• _THE PROBLEM_
Please return exactly the line that contains "GA license plate PBE7837" and every line after it, through the last line of the records below, with no pictures.

• _DATA_
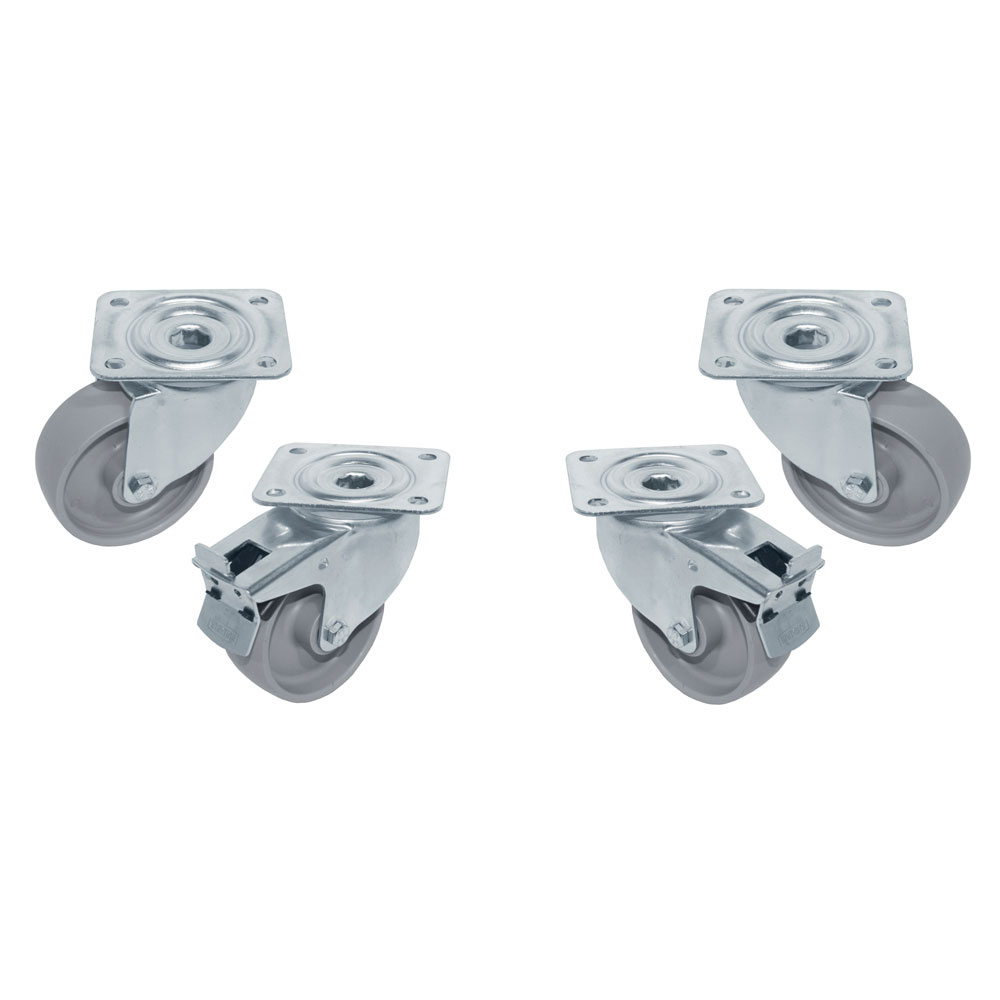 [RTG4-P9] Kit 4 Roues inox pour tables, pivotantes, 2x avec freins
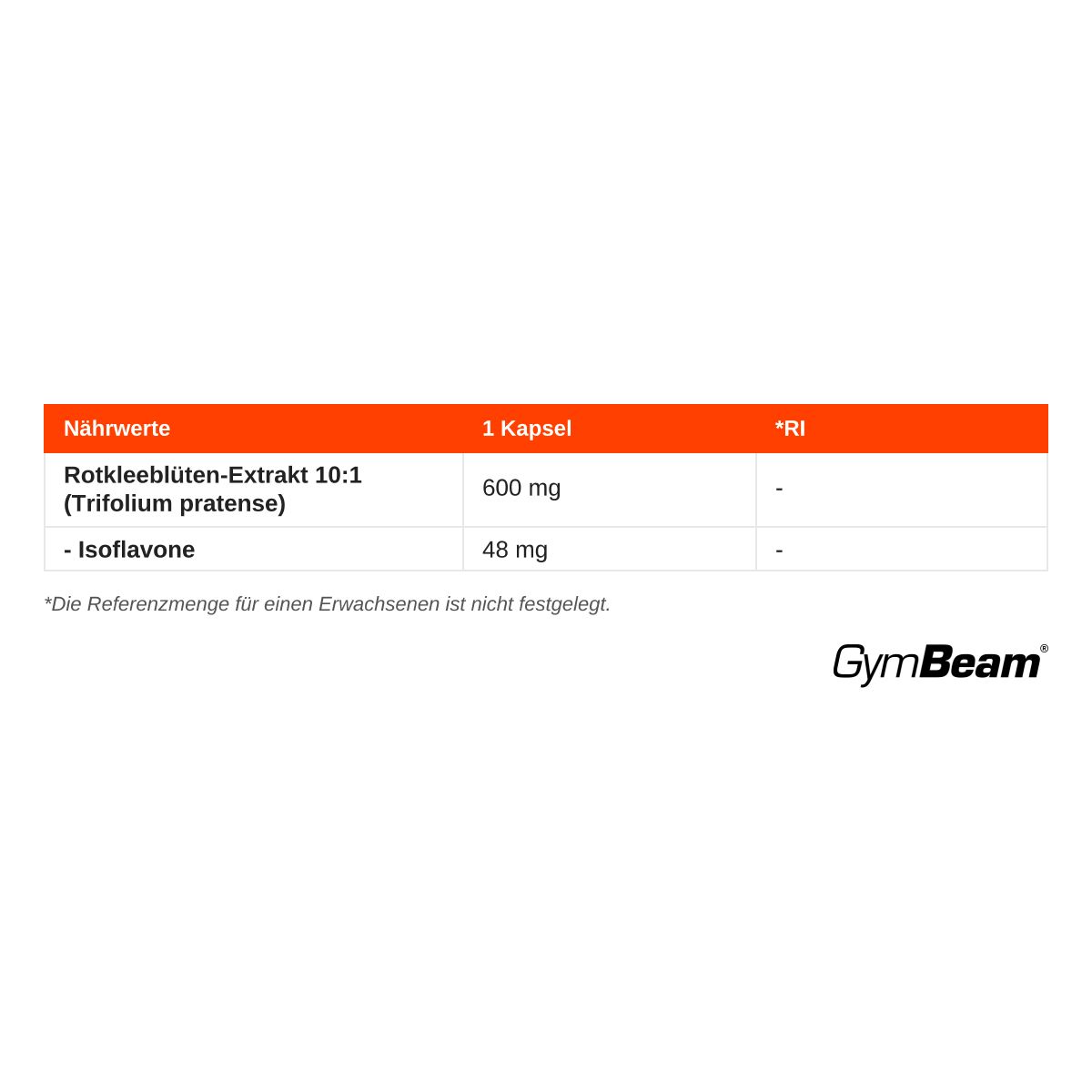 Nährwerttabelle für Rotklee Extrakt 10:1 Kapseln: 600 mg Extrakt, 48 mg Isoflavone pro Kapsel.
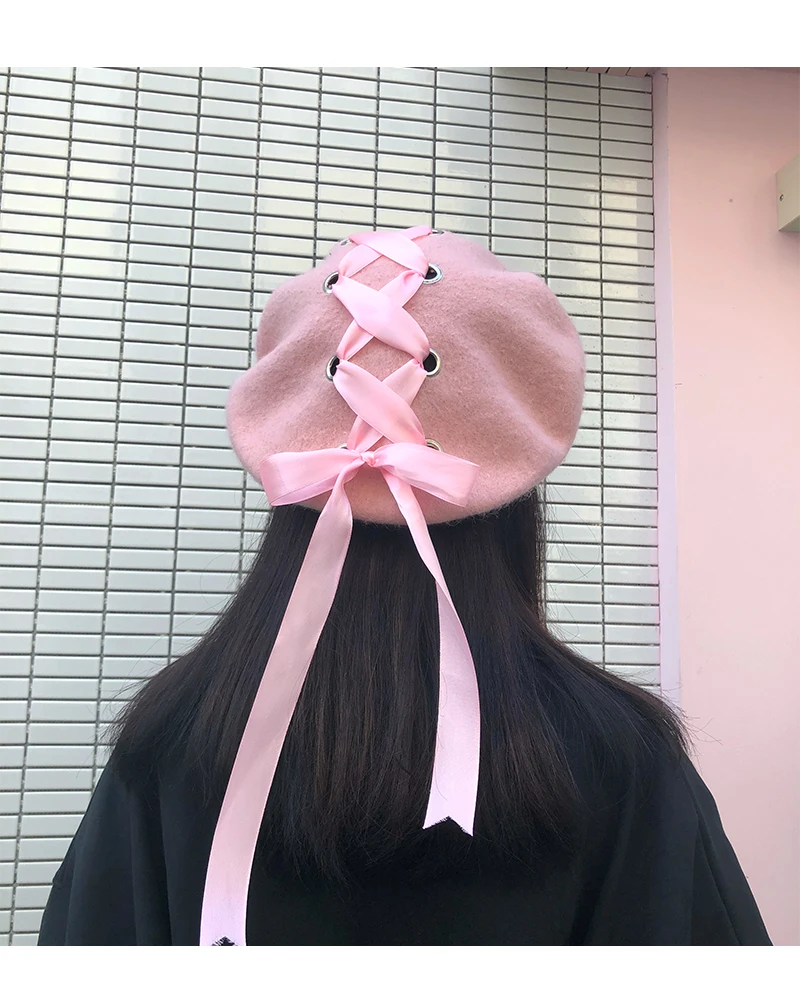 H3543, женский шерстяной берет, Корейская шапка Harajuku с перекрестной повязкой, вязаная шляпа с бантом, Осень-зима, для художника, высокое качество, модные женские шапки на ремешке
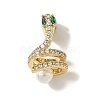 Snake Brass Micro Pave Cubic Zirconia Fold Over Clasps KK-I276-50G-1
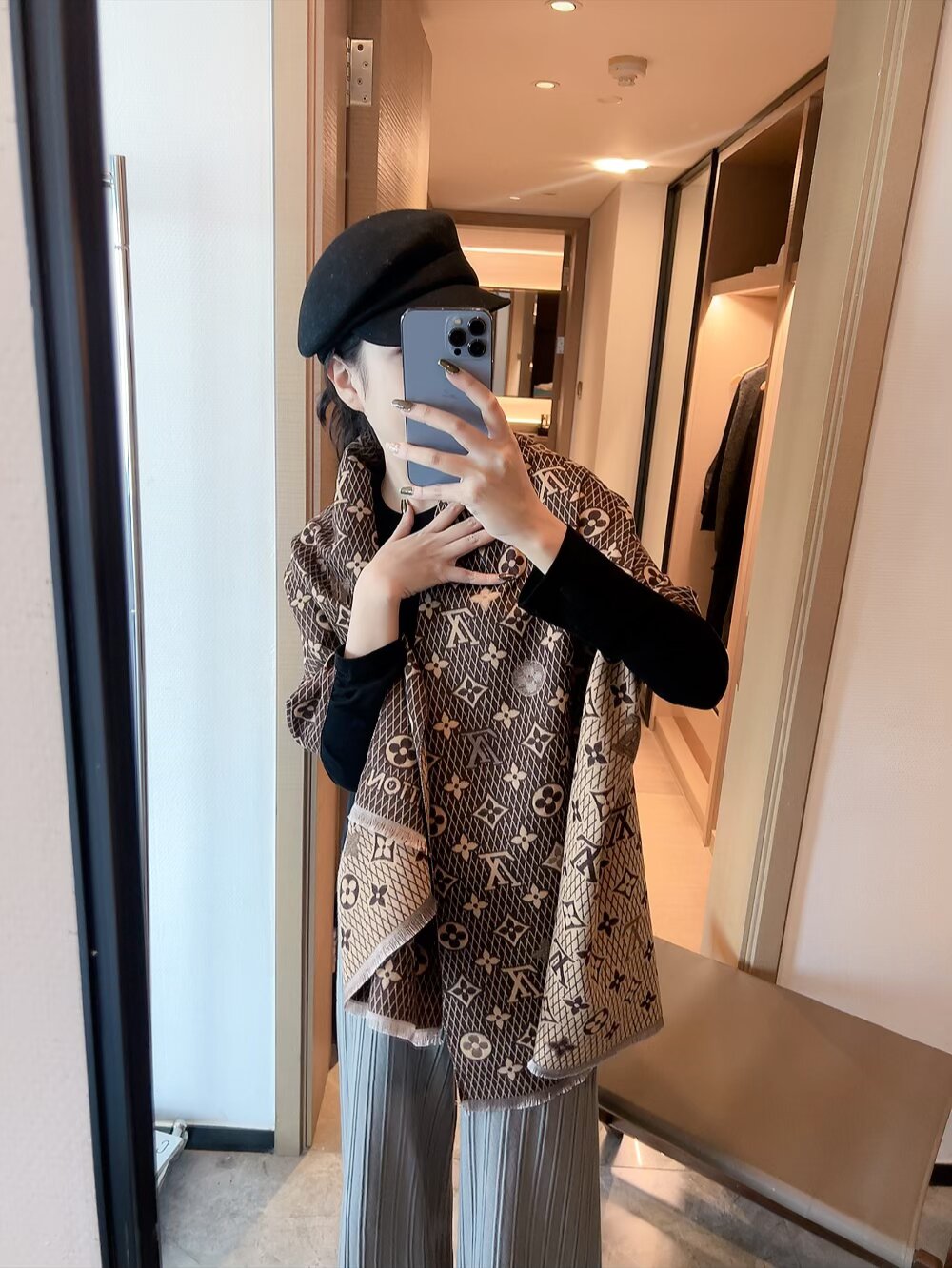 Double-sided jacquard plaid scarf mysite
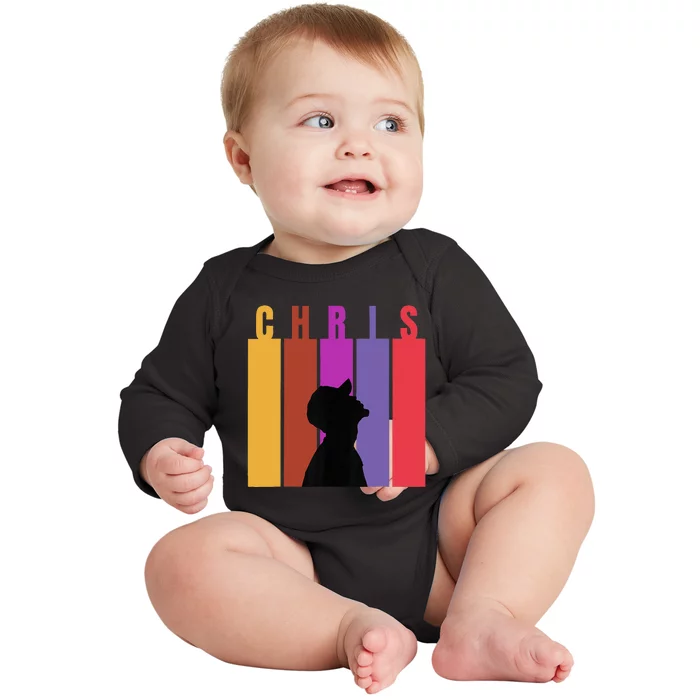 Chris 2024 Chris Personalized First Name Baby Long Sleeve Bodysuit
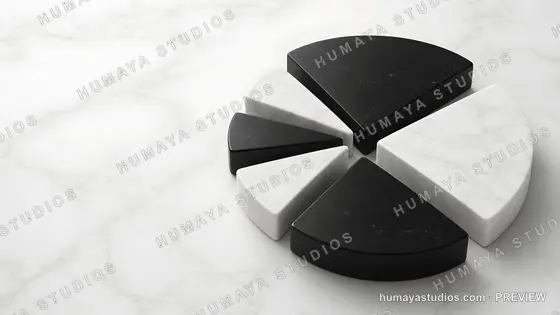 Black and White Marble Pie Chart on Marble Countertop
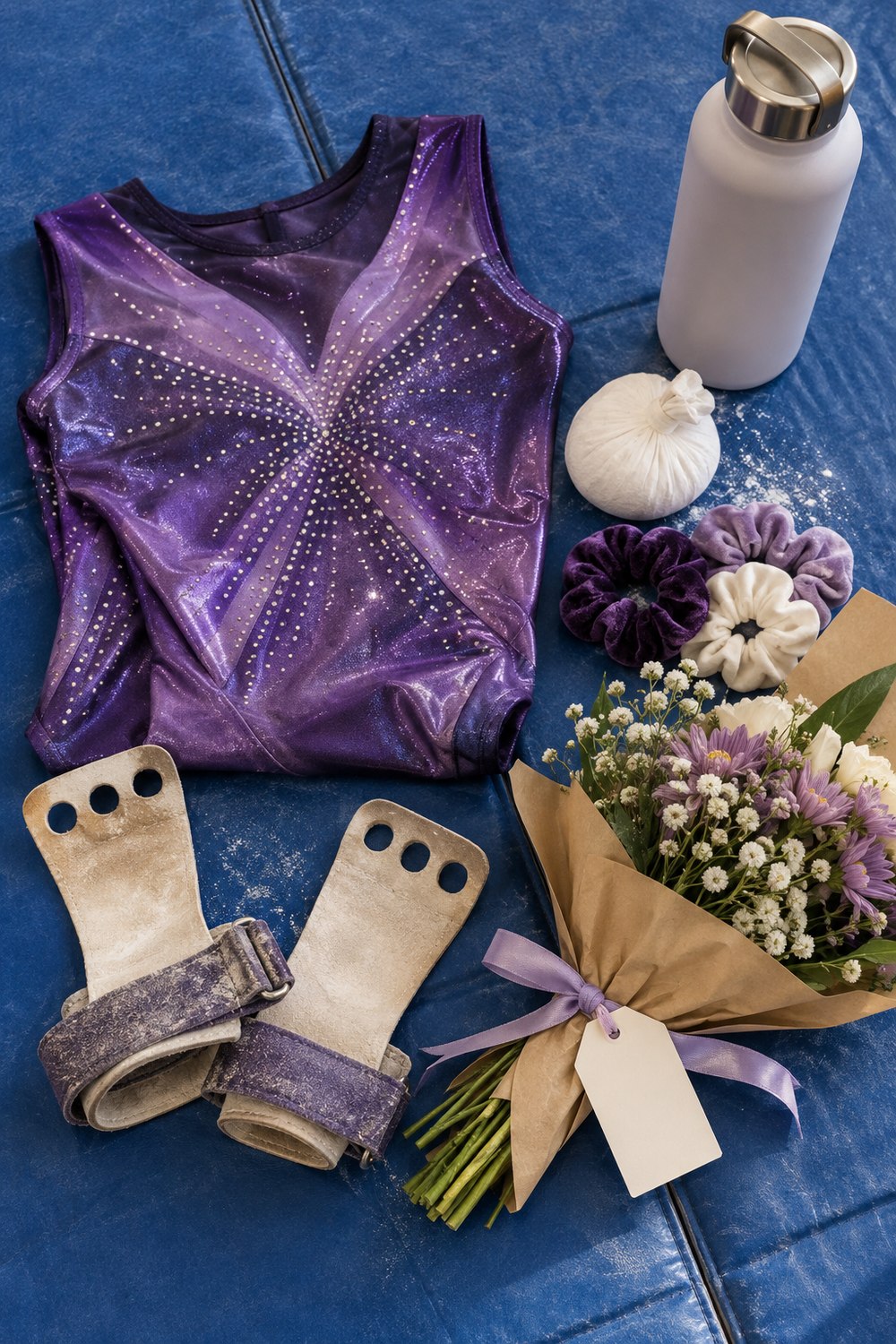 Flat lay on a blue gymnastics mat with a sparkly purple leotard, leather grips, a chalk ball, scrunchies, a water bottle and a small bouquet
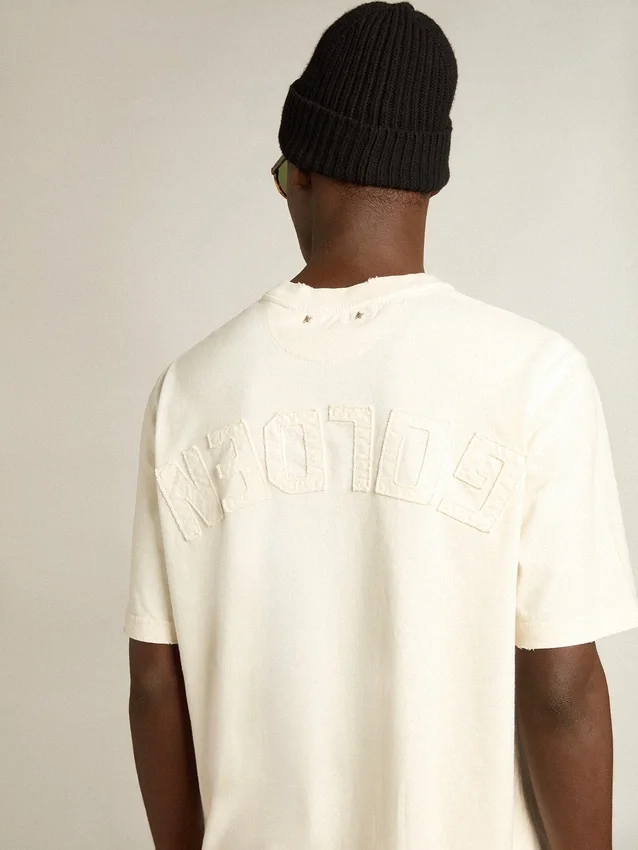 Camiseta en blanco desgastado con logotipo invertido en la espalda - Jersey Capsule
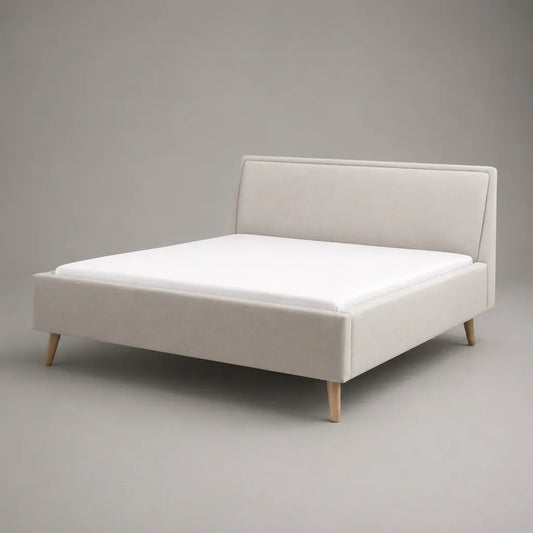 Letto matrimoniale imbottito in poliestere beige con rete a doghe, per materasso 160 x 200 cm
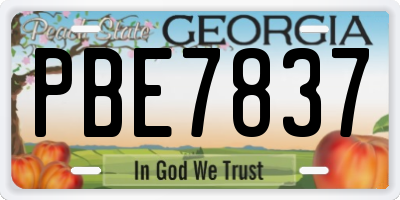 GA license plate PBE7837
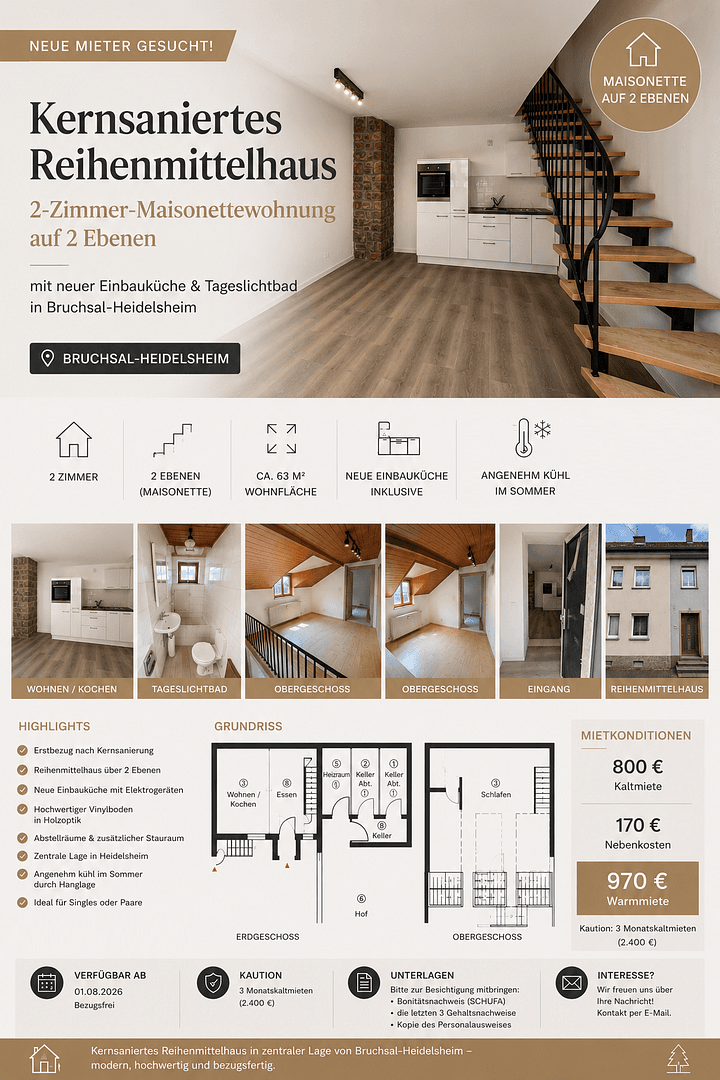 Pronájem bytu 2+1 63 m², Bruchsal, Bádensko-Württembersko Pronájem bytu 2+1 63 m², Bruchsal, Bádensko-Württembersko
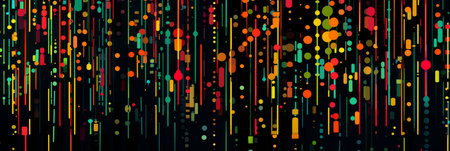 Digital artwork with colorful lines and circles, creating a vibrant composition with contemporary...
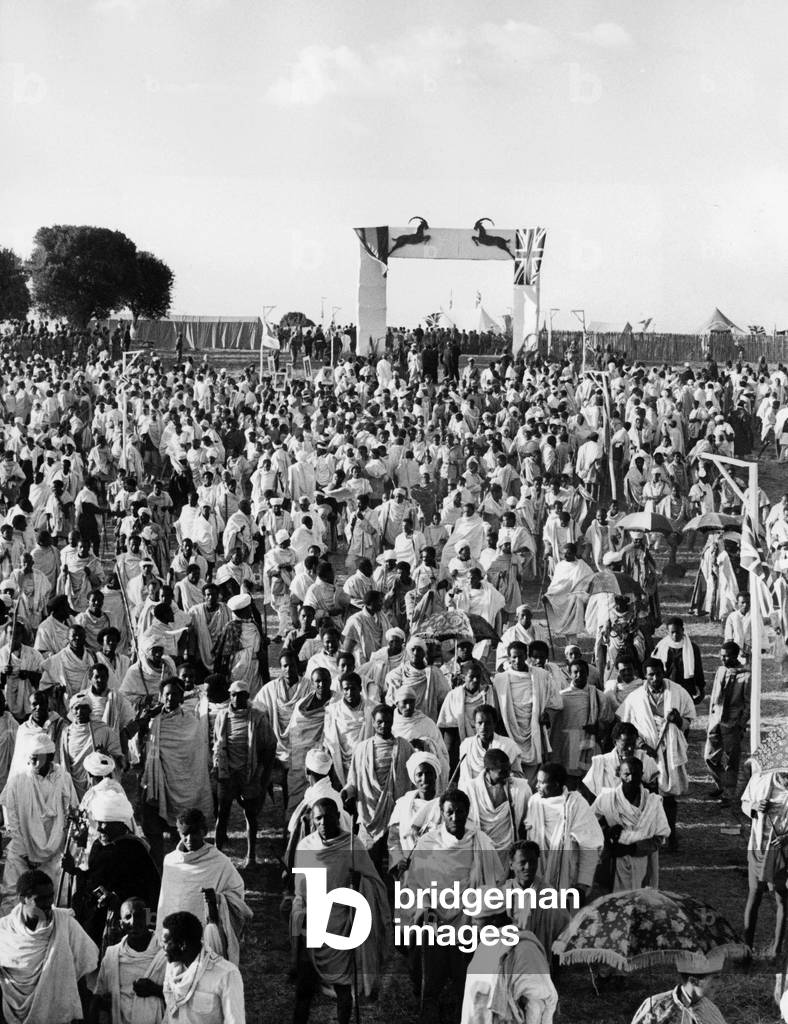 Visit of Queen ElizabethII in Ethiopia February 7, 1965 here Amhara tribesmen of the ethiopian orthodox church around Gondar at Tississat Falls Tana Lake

• _YOUR RESPONSE_
 GA license plate PBE7837
 Pronájem bytu 2+1 63 m², Bruchsal, Bádensko-Württembersko Pronájem bytu 2+1 63 m², Bruchsal, Bádensko-Württembersko
 Digital artwork with colorful lines and circles, creating a vibrant composition with contemporary...
 Visit of Queen ElizabethII in Ethiopia February 7, 1965 here Amhara tribesmen of the ethiopian orthodox church around Gondar at Tississat Falls Tana Lake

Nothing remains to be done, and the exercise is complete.